The gig economy is a work environment where temporary positions are common and organisations contract with independent workers for short-term employment.
But do these workers get the basic protections afforded to permanent employees?
Professor Gordon Anderson’s Transforming Workplace Relations in New Zealand 1976-2016, was published this month by Victoria University Press.
The book explores the evolution of New Zealand’s employment landscape since 1976, and speculates on the future of workplace relations.
Professor Anderson says New Zealand has not yet learned to deal with the gig economy legally, or indeed practically.
“Companies like Uber, or Amazon’s Mechanical Turk, where the employment status is less than clear, and where the work is often short-term, or one-off, you start to have a group of people who miss out,” he says.
He says they’re not protected by the minimum wage, they miss out on holidays, and they’re probably never going to qualify for parental leave.
“The minimum protections usually revolve around being an employee rather than a contractor, and at least some of it revolves around continuity of employment.
“If people are operating outside that paradigm, they’re in a degree of difficulty, and no one has quite worked out what to do about it yet. You can’t use a mid-20th century legal structure to deal with a whole new mode of employment. I suspect over the next few years, dealing with all that is going to be the main problem,” he says.

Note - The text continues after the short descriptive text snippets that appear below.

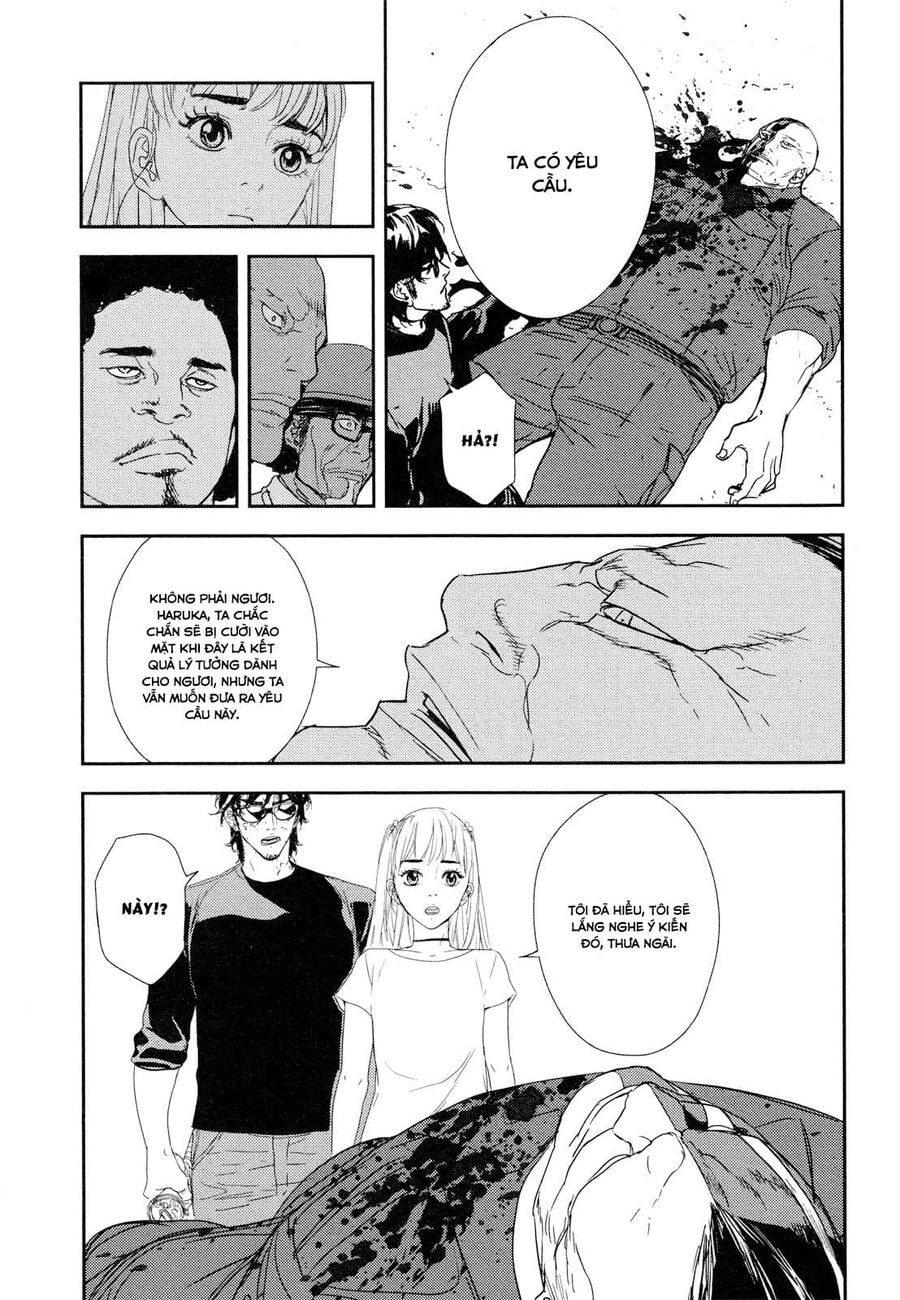 Cho Đến Khi Cái Chết Chia Lìa Đôi Ta Chapter 213 - 26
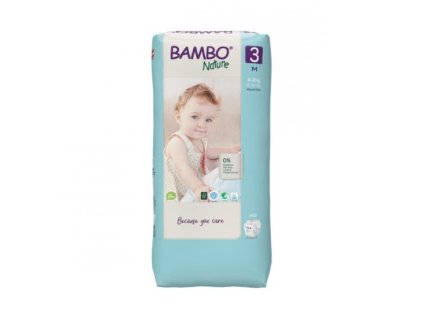 bambo nature 3 4 8 kg 28 ks 0
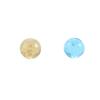 Ball Marble Run Fish Tank Decor Small Marbles Glass Marbles Pinball Machine Luminous Glass Ball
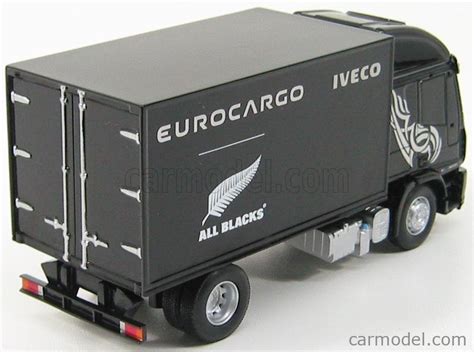 IVECO EuroCargo model All Blacks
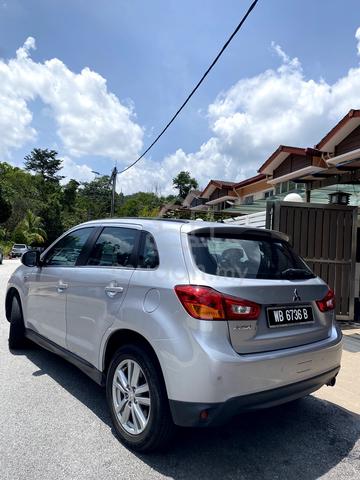 2014 Mitsubishi ASX 2.0 4WD FACELIFT (A) - 3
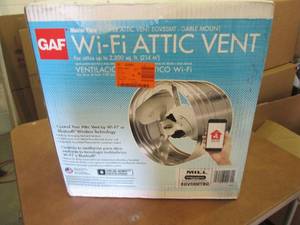 lot 146 image: Master Flow 1450 CFM Wi-Fi Power Ga...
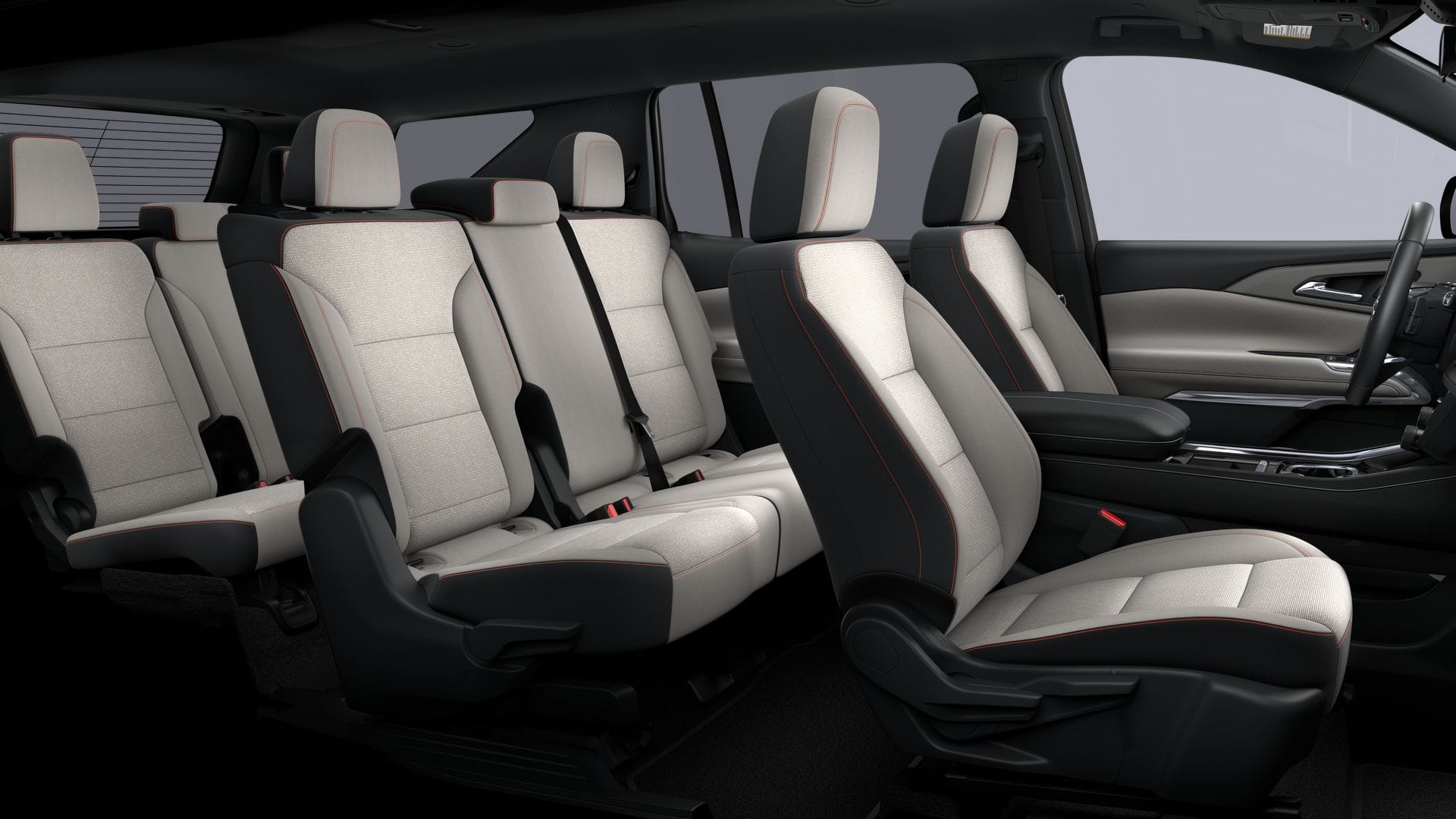 2027 Chevrolet Traverse LT - Photo 6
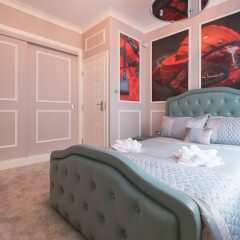Отель Fred's Flat With Sea View Брайтон детские мероприятия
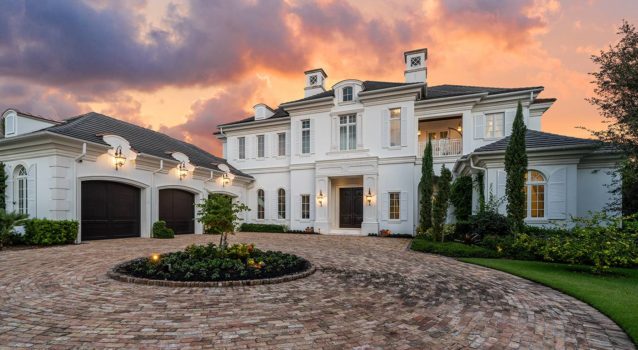 Home of the Day: Belle Maison, a One-of-a-Kind Custom Estate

Professor Anderson says with an increase in people working from home, the extent to which it’s appropriate for an employer to monitor those working for them also needs attention.
“Often when you’re working from home you’re on a computer. There are all sorts of technological systems – screenshots every few minutes, monitoring background noise – that can start to get extremely intrusive. With cameras, microphones, keyboards, stroke monitoring, location devices on phones… it’s scary how invasive some of this technology is getting.
“Plus, there’s the broader question about monitoring people’s lives outside of work – monitoring Facebook, monitoring Twitter. It’s an area that needs sorting out in a legal sense, but also in a moral and practical sense as well,” he says.
Despite these growing issues, Professor Anderson says that the 17 years since the Employment Relations Act 2000 (ERA) has been a relatively stable period for workplace relations in New Zealand.